I for one agree with everything you say here!!

On Fri, Oct 9, 2009 at 9:38 AM, Gary C Martin <gary at garycmartin.com> wrote:

> The "Keep" button, as currently implemented, will come back to haunt
> you when you return to work on those activities later (I've tried to
> explain this in all its gory detail in previous emails). None of the
> issues you mention above have yet hit the gory Keep versioning issues,
> so you'll have that joy to come when kids want to resume a couple of
> old kept activities for reference when working on a new one.
>
> I'll be happy the day that the "Keep" button is removed, it's clearly
> causing you and others horrible confusion. I smiled the day I realised
> the new toolbar designs at least demoted that darn button to a second
> class UI component (i.e hidden in a secondary toolbar) :-) It would be
> better if it just died even if we have no better replacement. For the
> engineers reading, the "Keep" function actively prevents users from
> 'manual merging' of their work, so as an intended method for exposing
> a versioning system, it is actually having the reverse effect.
>

I don't quite get 'manual merging', but I agree that the Keep and Stop
buttons have serious issues.  The first is of course the complete lack of
user feedback for Keep.  The second is that its icon and description make it
more inviting than the Stop button.

The word "Stop" and the cross-cultural "Stop sign" icon seems like a warning
to me; i.e. "Stop, you're doing something wrong!"  Caroline's intuition that
Keep is being used instead of Stop reinforces this.

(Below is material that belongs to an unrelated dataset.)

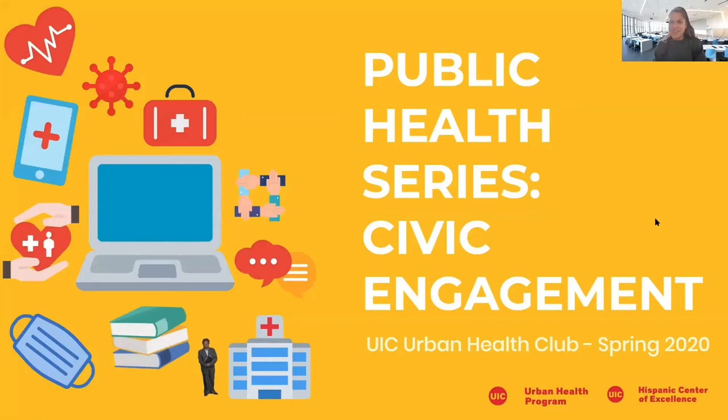Hello everyone! Welcome to another UIC Urban Health Club virtual series. Today we will be focusing on public health.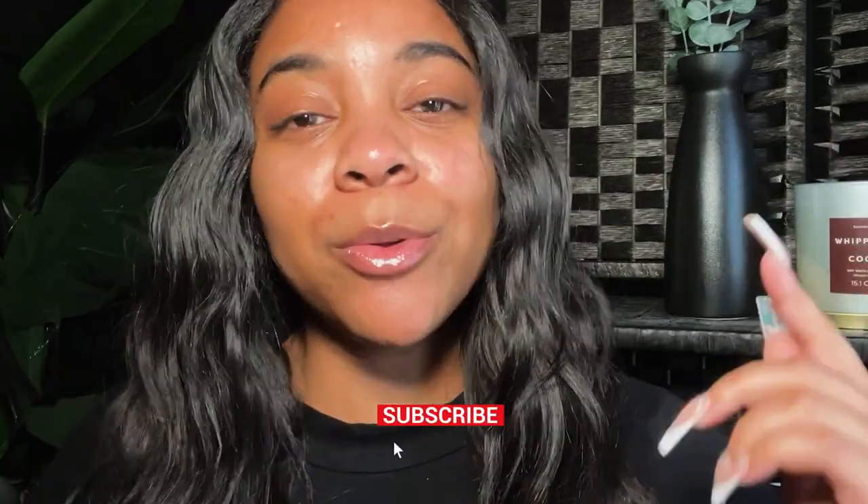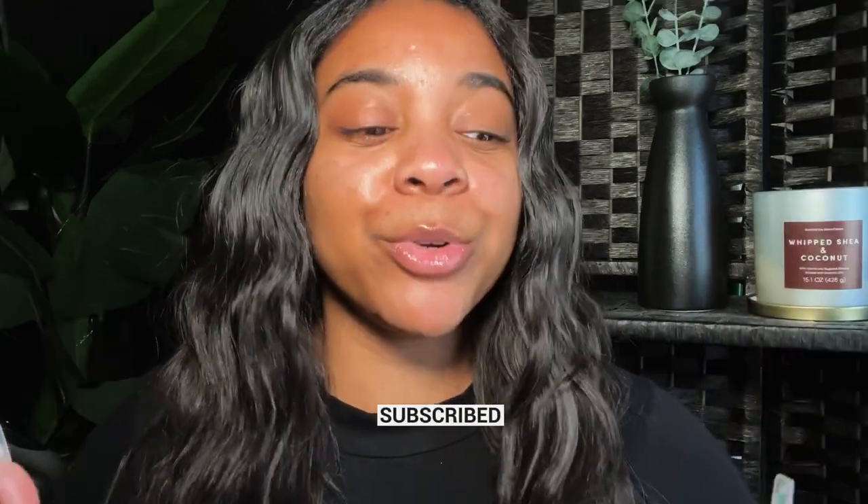Hey y'all, welcome back to my channel, welcome back to another video. If you're new here, welcome — my name is Brooklyn, this is Vibe with Brooklyn. On this channel we get into a ton of Fenty Beauty, Fenty Skin, other skincare reviews, hauls, health tips, chit chats — the list literally goes on. Hit the like button, subscribe to the channel, share with any and everyone, I would really appreciate it.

My design instincts say that what we should really have is a single
[Finished] button.  Its icon would looks roughly similar to the current Keep
icon.

When [Finished] is clicked, if the activity has not been named, it will
bring up the Naming dialog with Walter's "What did you make?" and [Keep] and
[Discard] buttons.  If the activity has been named, no dialog appears and
you return to the Journal.

> The solution I suggest is when you click the Keep button (Journal
> > Icon) from an activity that the Journal reflection dialog box appears.
> >
> > Here are the problems we had.
> >
> >       • Hard to get to the Journal, no easy F# short cut.
>
> There's been lot's of discussion (feature proposals, email threads,
> trac ticket comments) trying to find a free F# key that is not gong to
> conflict. F5 seemed a good candidate but is a poor choice for XO
> hardware. Likely we need a control panel that allows distros/
> deployments to make their own choice and for the user then to have the
> ability to change if needed (perhaps the current frame CP module would
> be a place for changing Sugar shortcuts).
>

My option, stated before, is that the Journal should not be an activity; it
should be another view of the Home screen.

Since the Home screen defaults to resuming Journal entries, the Home screen
has already become specialized view of the Journal.

Proposal: replace the Activity list view button at the top of the Home
screen with a button that changes to the Journal list view (the Activity
list view can be removed, per Unified Bundles feature).  We would also need
a way to create new activity instances from the Journal list view.

Sugar would remember which way you booted up last time.  So new users will
prefer the Home view, experienced users can boot straight into the Journal
list view.

>       • After they reflected they wanted to immediately go back to
> > exploring in TA and we had to stop them, make them change the name
> > again. They were very perplexed by this because they didn't know
> > what to name their new file because they hadn't done anything yet.
>
> Get them to "Stop" when complete, and then "Start new"...
>

I was worried about this; the way the home view resumes by default is
confusing the difference between an "Activity" and an "Activity instance".

My full critique of this is here:
http://wiki.laptop.org/go/User:Wade/Ideas/Activity_Management.

>       • The word "Description" is not very friendly. I like "What did you
> > do?" Walter wants to expand it even further, I'm not sure about
> > that, its pretty challenging for the students to type so I'm not
> > sure we want more boxes.
>
> No comment, I don't like this whole dialogue to be honest (it breaks
> my working flow and distracts me from whatever I'm trying to achieve),
> but I'm not a pedagogic type so don't feel I have a say in this
> design. I get the impression most (adults and kids) will just skip
> past this dialogue anyway give half a chance. There's been some noises
> to remove this dialogue completely, or at least let folks easily
> disable it from within Sugar.
>

It breaks my workflow too, although a Discard button would make it better.
 And I like the concept of forcing people to name their work; as a
developer, I'm just usually testing something instead of "creating work".